■ Requirement ■
Search the data for the string "avec", and report each line where it is found.

■ Records for the exercise ■
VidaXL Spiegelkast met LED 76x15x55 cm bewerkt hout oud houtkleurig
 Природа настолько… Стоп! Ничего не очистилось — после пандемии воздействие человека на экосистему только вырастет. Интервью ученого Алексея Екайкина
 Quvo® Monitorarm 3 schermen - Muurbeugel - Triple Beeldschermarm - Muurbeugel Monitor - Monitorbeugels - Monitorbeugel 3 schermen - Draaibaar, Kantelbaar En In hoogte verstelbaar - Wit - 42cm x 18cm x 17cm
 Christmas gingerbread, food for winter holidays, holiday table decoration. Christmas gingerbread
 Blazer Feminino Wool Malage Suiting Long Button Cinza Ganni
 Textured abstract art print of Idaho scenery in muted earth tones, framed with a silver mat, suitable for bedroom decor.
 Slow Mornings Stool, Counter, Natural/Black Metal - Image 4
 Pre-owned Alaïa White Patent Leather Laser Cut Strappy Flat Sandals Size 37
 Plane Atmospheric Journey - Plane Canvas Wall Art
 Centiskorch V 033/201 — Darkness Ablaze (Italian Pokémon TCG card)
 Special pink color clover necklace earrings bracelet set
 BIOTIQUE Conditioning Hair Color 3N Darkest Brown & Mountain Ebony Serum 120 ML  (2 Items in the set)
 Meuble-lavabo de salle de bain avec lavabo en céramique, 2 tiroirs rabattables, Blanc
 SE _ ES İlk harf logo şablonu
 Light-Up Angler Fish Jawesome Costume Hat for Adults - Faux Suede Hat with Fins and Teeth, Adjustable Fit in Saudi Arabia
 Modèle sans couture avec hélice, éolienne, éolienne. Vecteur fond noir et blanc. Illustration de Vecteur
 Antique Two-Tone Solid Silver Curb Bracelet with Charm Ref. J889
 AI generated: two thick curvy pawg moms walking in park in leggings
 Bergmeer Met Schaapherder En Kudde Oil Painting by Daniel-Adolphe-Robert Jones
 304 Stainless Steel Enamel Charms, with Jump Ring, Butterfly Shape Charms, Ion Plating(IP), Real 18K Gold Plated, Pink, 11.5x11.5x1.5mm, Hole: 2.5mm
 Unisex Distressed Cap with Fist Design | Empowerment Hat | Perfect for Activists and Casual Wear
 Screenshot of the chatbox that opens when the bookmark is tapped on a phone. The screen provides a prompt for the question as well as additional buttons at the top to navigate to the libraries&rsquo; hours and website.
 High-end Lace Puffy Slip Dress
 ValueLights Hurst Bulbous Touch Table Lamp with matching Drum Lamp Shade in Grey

■ Task result ■
 Meuble-lavabo de salle de bain avec lavabo en céramique, 2 tiroirs rabattables, Blanc
 Modèle sans couture avec hélice, éolienne, éolienne. Vecteur fond noir et blanc. Illustration de Vecteur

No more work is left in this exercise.